Palembang, BP–Subdit Barang Berbahaya Direktorat Reserse Narkoba Polda Sumsel menggerebek industri rumahan pembuatan minuman keras palsu di Jalan PDAM, RT8/3, Kelurahan Bukit Lama, Kecamatan IB I Palembang, Jumat (3/11).
Lima karyawan industri rumahan tersebut, yakni Edison (20) dan Joko (34), warga Prabumulih, serta Pangestu (17), Erwan (34), dan Redi (22), warga Lampung Tengah turut diamankan petugas.
Tersangka Joko mengaku, dirinya hanya diajak seorang warga Bandung berinisial R ikut dalam komplotan tersebut. “Saya kerja baru tiga bulan, diajak orang Bandung. Saya kerjanya sebagai sopir digaji Rp2 juta per bulan,” ujarnya.
Joko mengaku mengedarkan miras palsu tersebut ke tiga daerah, yakni Palembang, Lubuklinggau, serta Jambi. Mereka menjual satu dus berisi 48 botol miras dengan harga Rp500.000.
“Kalau bahan-bahan meraciknya itu dari Jakarta dipesan oleh bos. Saya hanya tahu mengambil barangnya yang dikirim ekspedisi saja,” ujarnya.

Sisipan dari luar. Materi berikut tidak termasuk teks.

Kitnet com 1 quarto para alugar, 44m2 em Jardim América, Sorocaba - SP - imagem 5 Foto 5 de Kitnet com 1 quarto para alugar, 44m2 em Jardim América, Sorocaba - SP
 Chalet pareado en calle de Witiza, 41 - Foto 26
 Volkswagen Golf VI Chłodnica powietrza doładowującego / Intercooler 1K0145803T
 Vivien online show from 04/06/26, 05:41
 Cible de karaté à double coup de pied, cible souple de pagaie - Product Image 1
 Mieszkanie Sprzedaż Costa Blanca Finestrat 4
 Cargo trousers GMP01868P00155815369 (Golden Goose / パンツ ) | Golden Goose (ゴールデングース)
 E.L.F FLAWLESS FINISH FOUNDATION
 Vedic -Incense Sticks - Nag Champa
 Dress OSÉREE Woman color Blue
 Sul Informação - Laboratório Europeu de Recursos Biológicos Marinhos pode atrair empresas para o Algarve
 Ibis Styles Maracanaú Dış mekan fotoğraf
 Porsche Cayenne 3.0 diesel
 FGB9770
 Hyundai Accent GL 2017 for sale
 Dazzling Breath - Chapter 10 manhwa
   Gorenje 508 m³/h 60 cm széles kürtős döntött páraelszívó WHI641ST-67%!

Sementara tersangka Erwan mengaku diajak tersangka Redi bekerja di Palembang. “Awalnya tidak tahu kalau diajak kerja ini. Saya tertarik karena digaji Rp1,2 juta per bulan,” ujarnya.
Ketua RT8, Hendrik (52), berujar, dirinya kaget saat banyak polisi menggerebek rumah yang dari fisik luarnya tak terawat. Sebab, rumah milik almarhum Faisal itu sudah dikontrakkan sejak lama.
“Dulunya di sini usaha pembuatan kursi meja dari kayu. Tapi sudah berhenti sejak setahun lalu. Tiga bulan lalu dikontrakkan lagi oleh keluarga Pak Faisal, tapi saya tidak tahu usaha apa, karena mereka tidak pernah melapor,” ujarnya.
Hendrik menuturkan, beberapa warga sempat curiga dengan aktivitas di rumah dengan rumput liar tinggi di halamannya tersebut, karena hanya terlihat beberapa orang di luar rumah saat malam hari. “Saya tidak menyangka mereka meracik miras,” tuturnya.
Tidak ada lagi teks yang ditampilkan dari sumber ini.